__EXCERPTED DATA__.

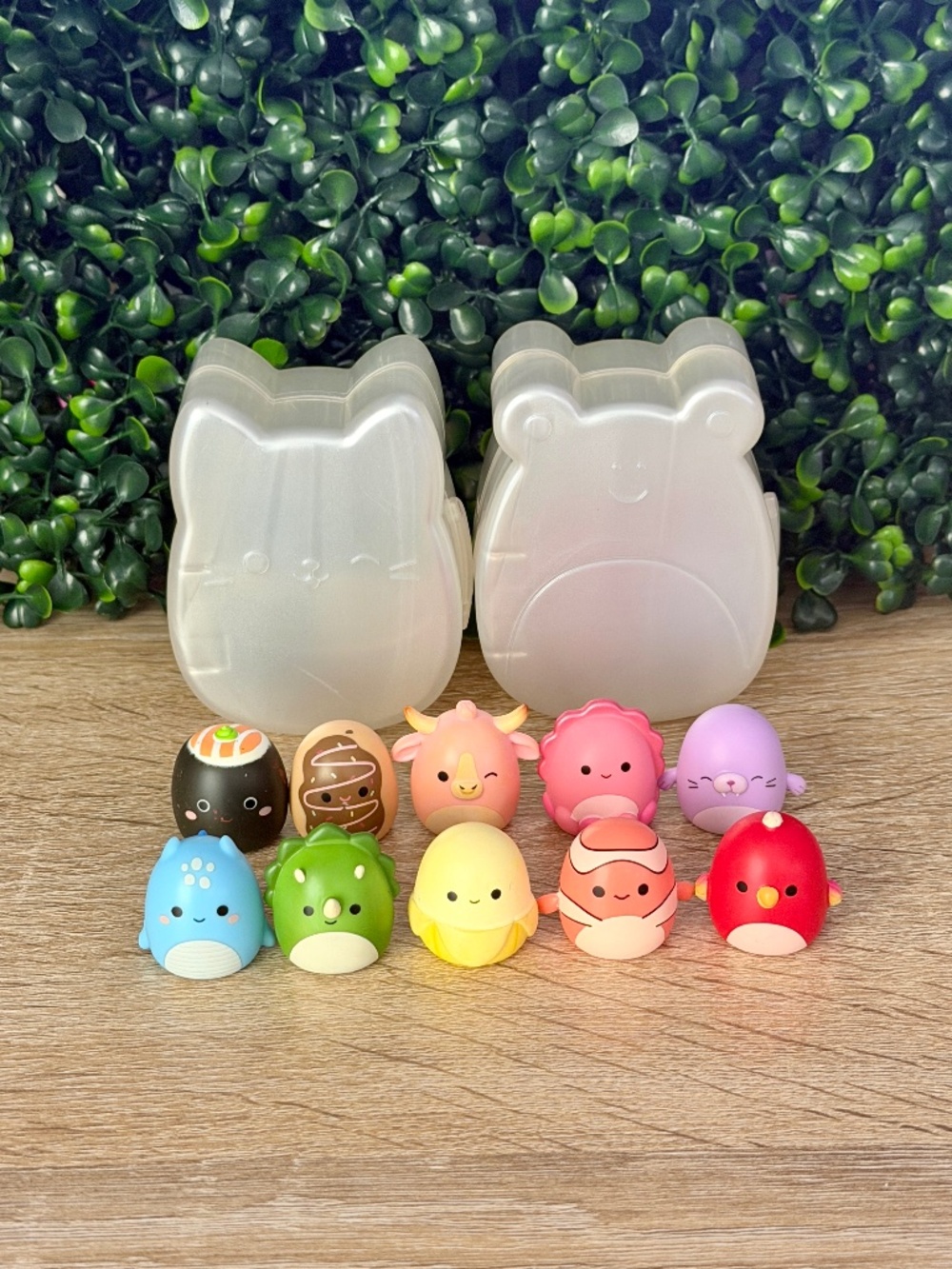 Squish-a-longs by Squishmallows Rainbow Bundle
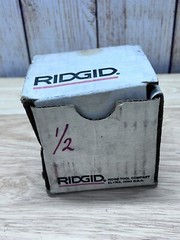 Ridgid Complete Die Head for 00-R 1/2&rdquo; NPT Pipe Threader 36890R Ireland With Box
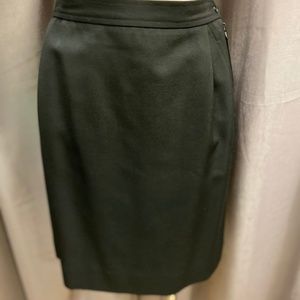 Yves Saint Laurent Black Skirt ● SZ. 42 or SZ.10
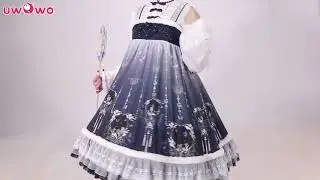 Uwowo -Wonderfu Dream- Qi A Shape Lolita JSK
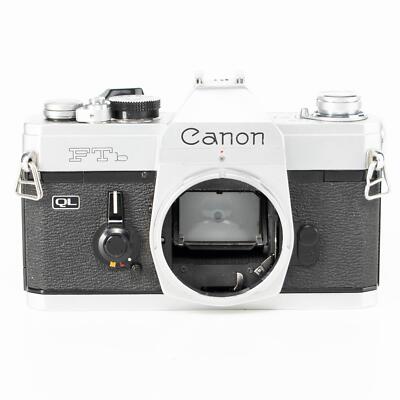 Canon FTb Camera | White | Japan | FD mount | 1973 | eBay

__ABOUT THIS TASK__. From the entries above, write out every line without a single change, skipping the images.

__SOLUTION__.
 Squish-a-longs by Squishmallows Rainbow Bundle
 Ridgid Complete Die Head for 00-R 1/2&rdquo; NPT Pipe Threader 36890R Ireland With Box
 Yves Saint Laurent Black Skirt ● SZ. 42 or SZ.10
 Uwowo -Wonderfu Dream- Qi A Shape Lolita JSK
 Canon FTb Camera | White | Japan | FD mount | 1973 | eBay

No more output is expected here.